Soy Un Robot

Capitulo 3- El hoyo.

La primera palabra que escapó de sus labios fue un susurro:
—¿Dónde estoy...?
El eco de su voz se perdió entre el zumbido de los tubos de neón y el ruido distante de una lluvia interminable golpeando contra el metal. Artemisa abrió los ojos. La última imagen que recordaba era un destello blanco y el golpe seco en la nuca antes de que la oscuridad la tragara.

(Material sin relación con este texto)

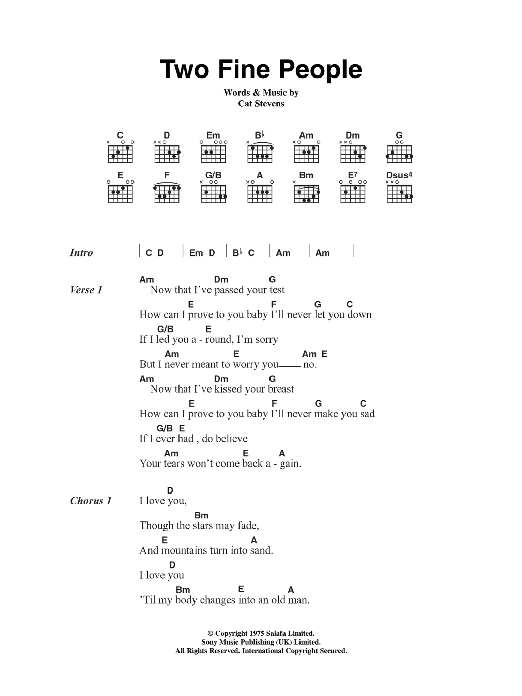 Cat Stevens Two Fine People Sheet Music Notes & Chords for Easy Piano - Download or Print PDF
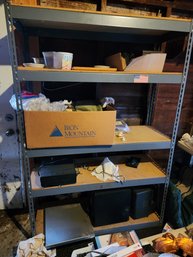 Metal Shelving Unit Lot All Items On It Are  Included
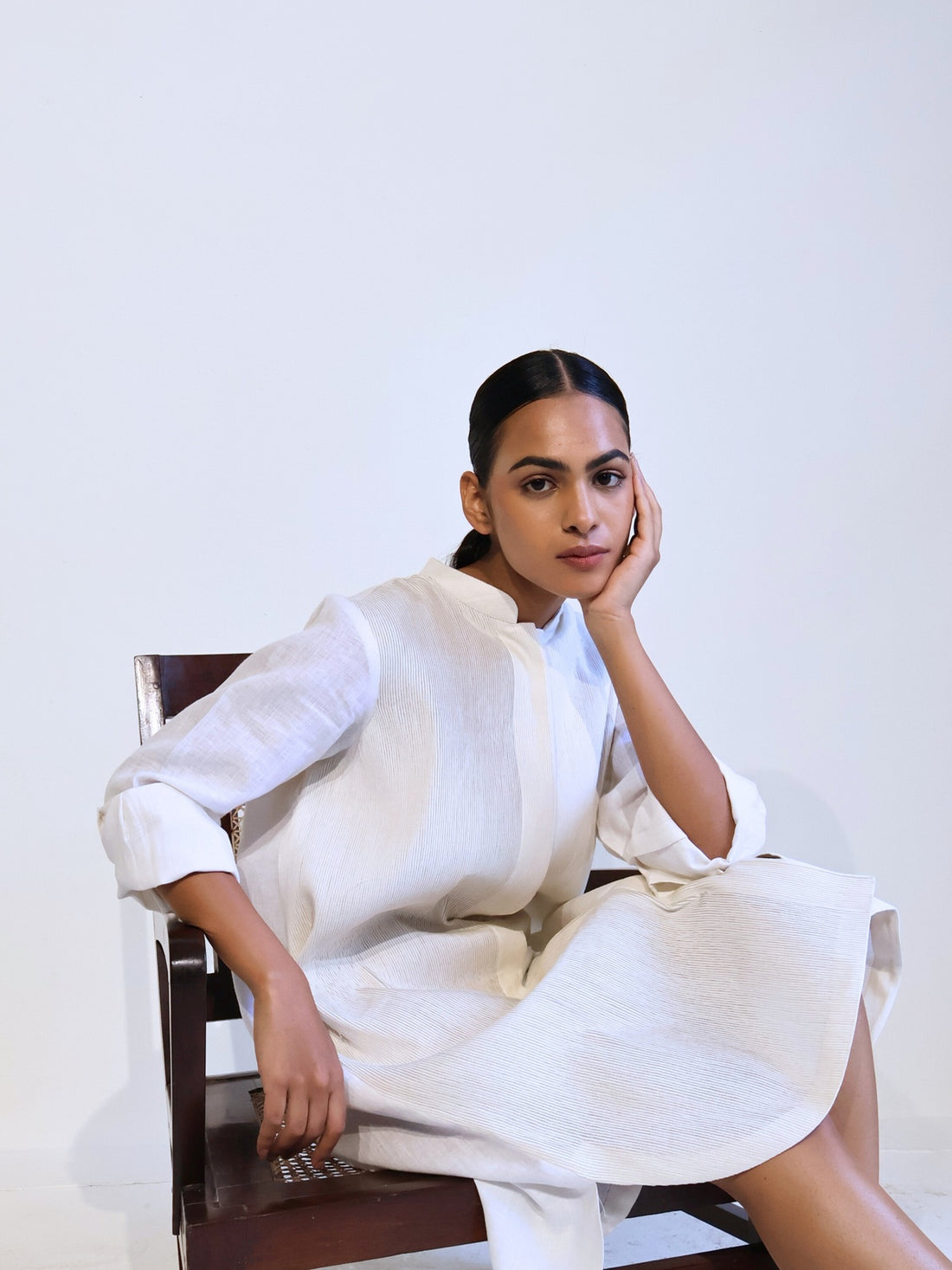 THE PINTAK SHIRT DRESS - OFF WHITE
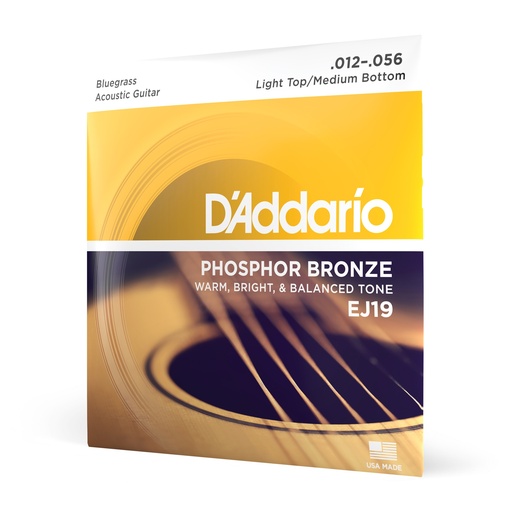 D'Addario Cordes en bronze phosphoreux pour guitare acoustique D'Addario EJ19, Bluegrass, 12-56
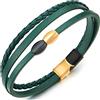 COOLSTEELANDBEYOND Uomo Donna Tre Filoni Verde Cuoio Pelle Intrecciato Braccialetto, Oro Nero Acciaio Perlina Charms, Chiusura Magnetica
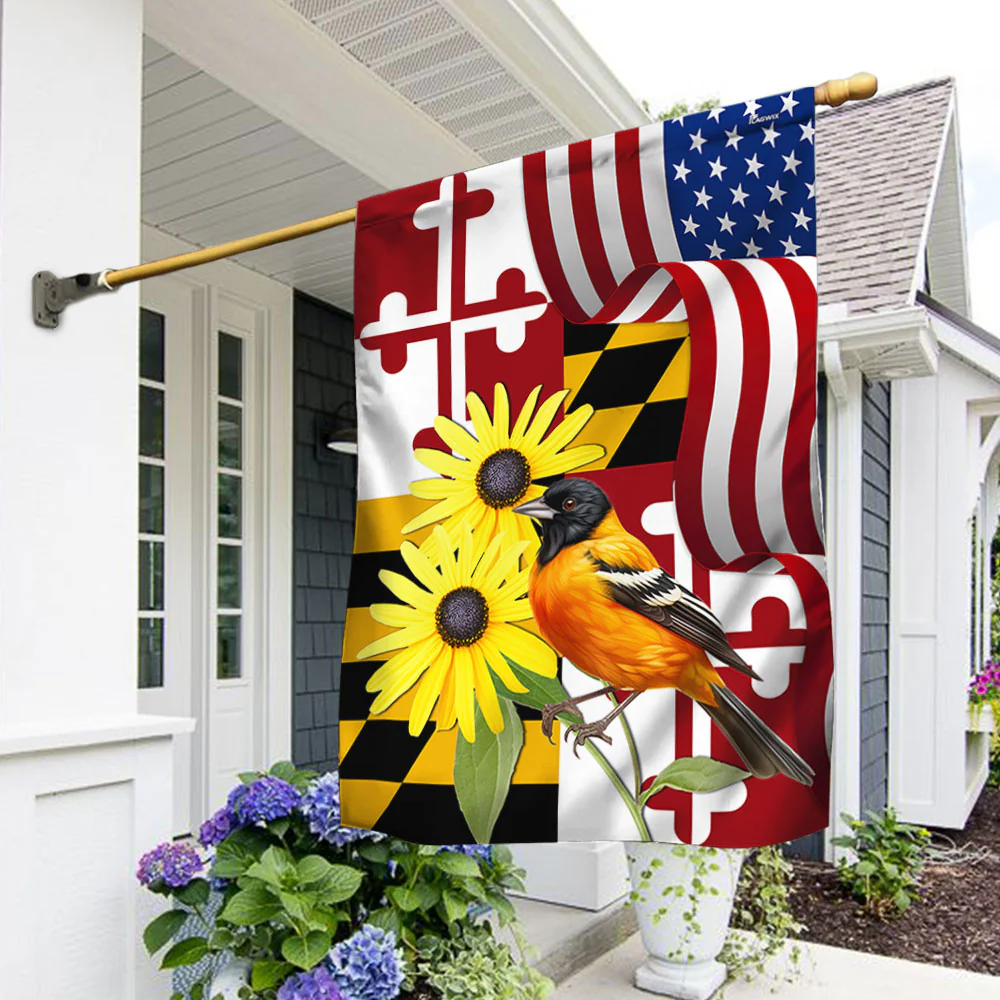 Maryland Black-eyed Susan Flower and Baltimore Oriole Bird Flag MLN1141Fv2 3-Day Shipping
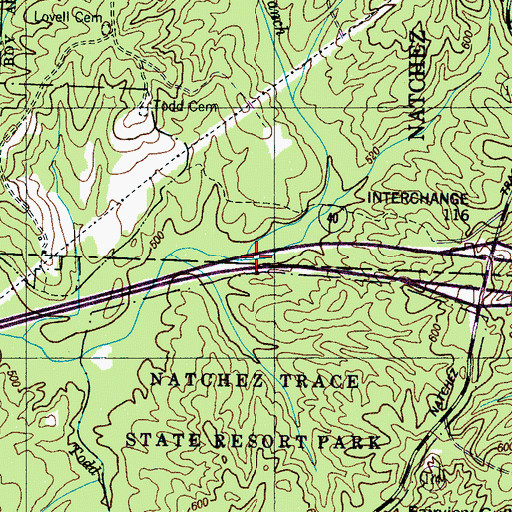 Topographic Map of Derryberry Branch, TN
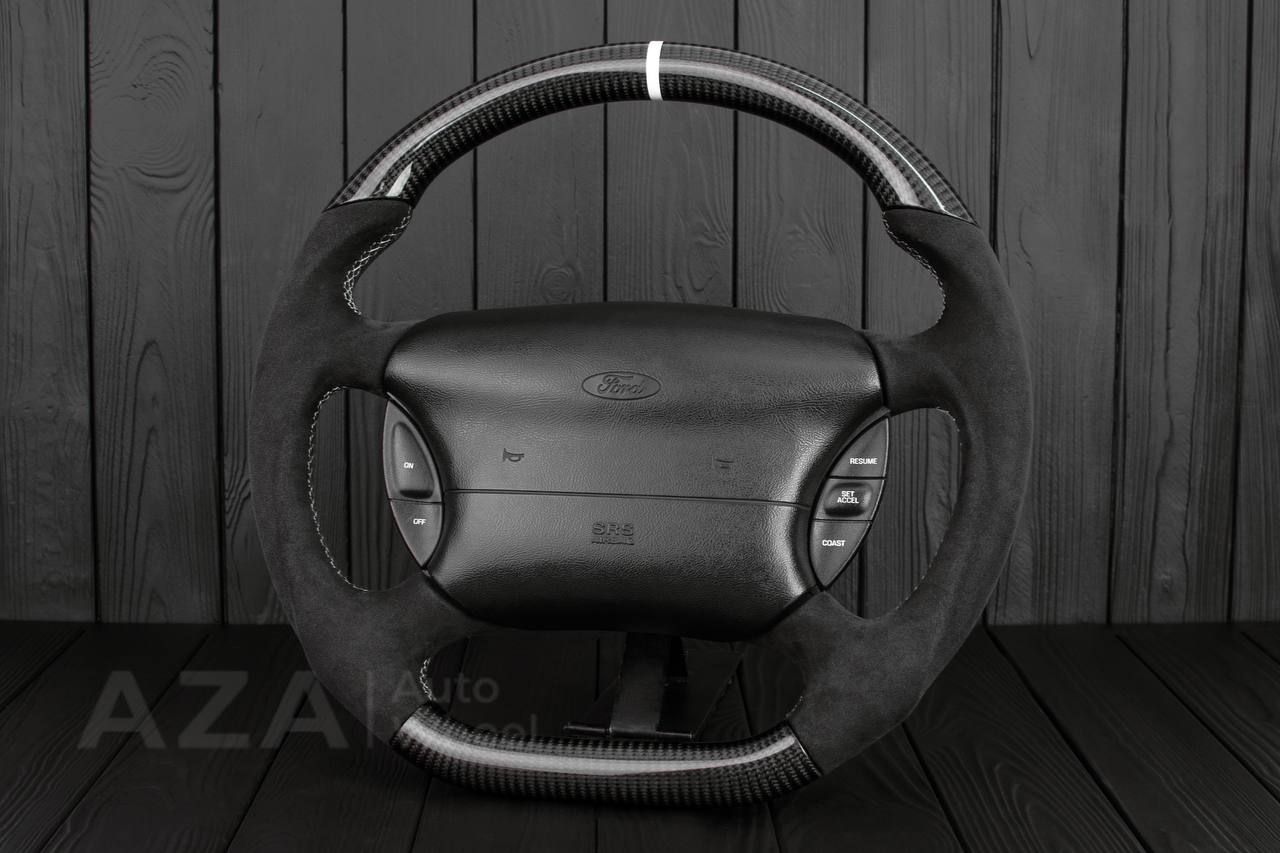 Steering wheel Ford Lightning/Ranger/Explorer 99-2004 Carbon fiber/Alcantara/White details (can be any color per request) - Image 3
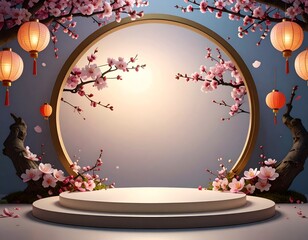 提灯と桜に囲まれた和風の円形ステージ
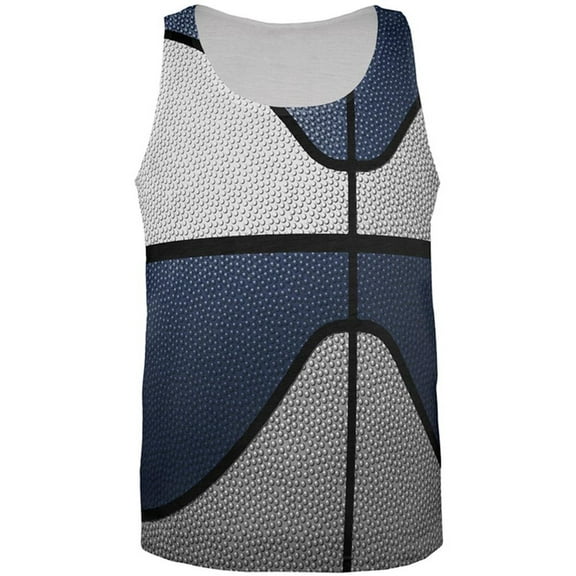 Championship Basketball White & Navy Blue All Over Mens Tank Top Multi MD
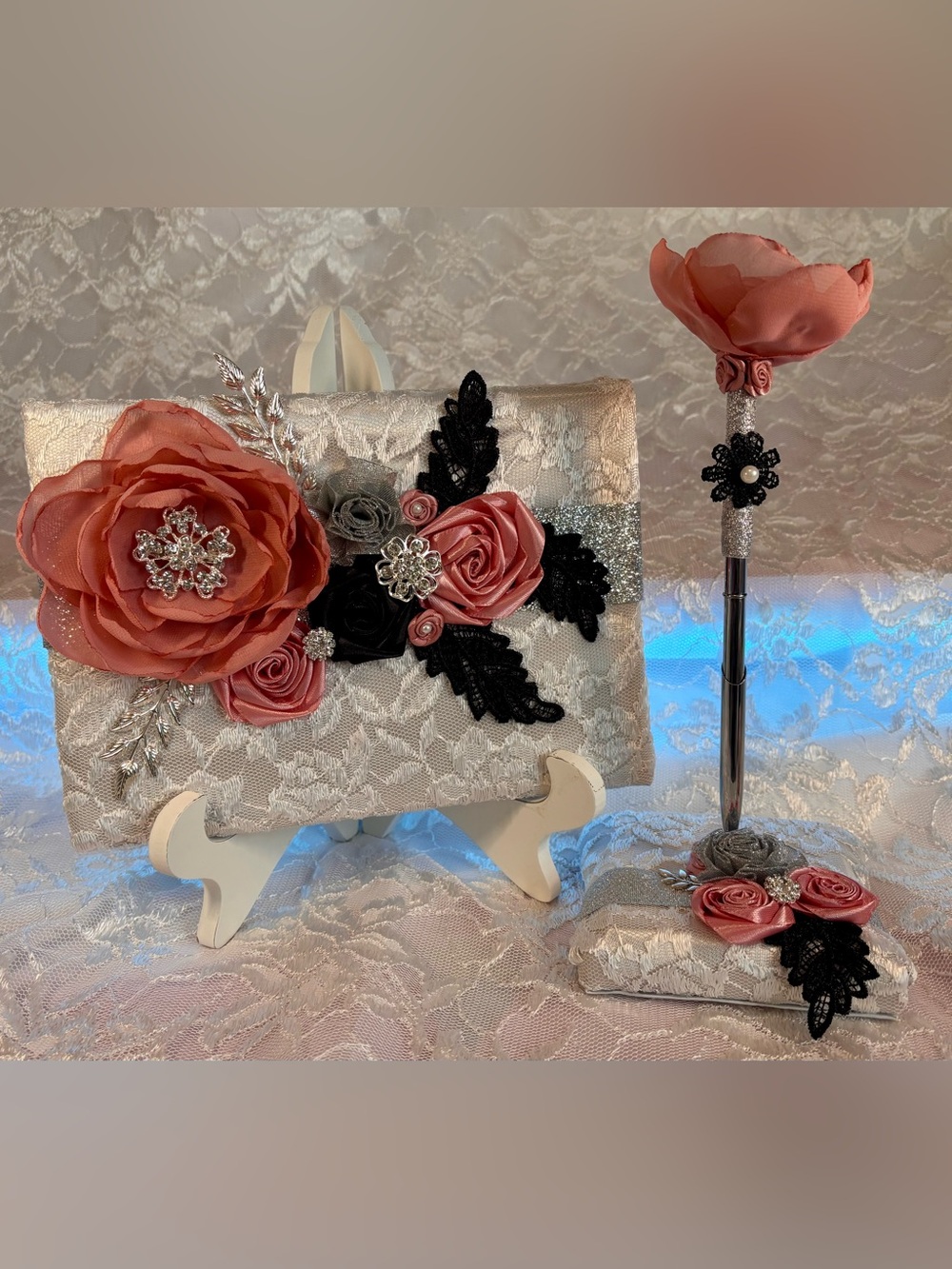 🌸 Blush, Silver and Black Guest Book and Pen Set
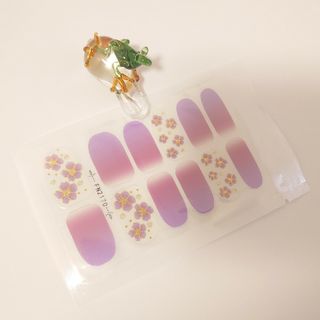 ★高品質ネイルシール　FN2170　シンプルパープルさくら桜(ネイル用品)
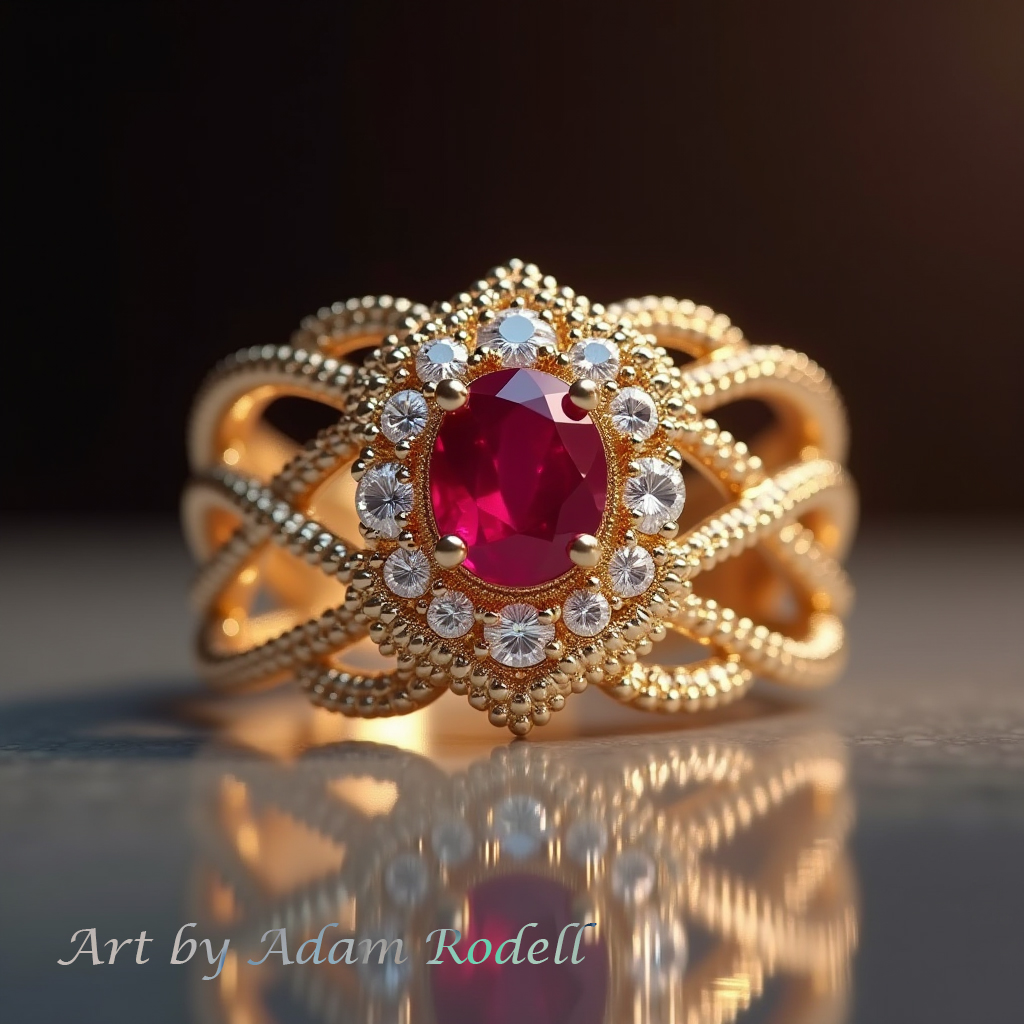 Ruby Halo Yellow Gold Ring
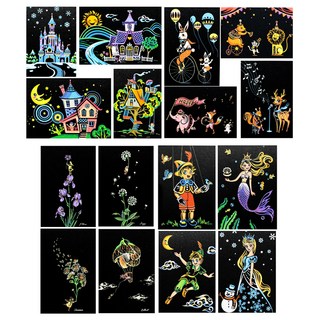 VICDREAM 設計彩色刮刮卡 16種 DIY著色本 A5 + 工具組, 混合顏色, 1個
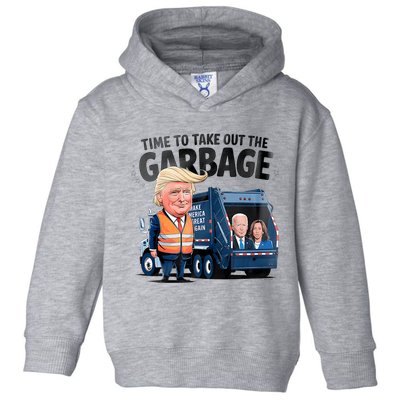 Garbage For Trump 2024 Funny Time To Take Out Garbage Biden Toddler Hoodie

El aire olía a ozono, a aceite quemado y desinfectante. Estaba en una habitación blanca, demasiado blanca, iluminada por luces que vibraban como si estuvieran a punto de estallar. Las paredes eran lisas y frías; el suelo, una plancha metálica que devolvía cada sonido con un eco vacío. Frente a ella, las rejas de una celda reforzada proyectaban sombras largas y azuladas. Ni con toda su fuerza mecánica podría abrirlas.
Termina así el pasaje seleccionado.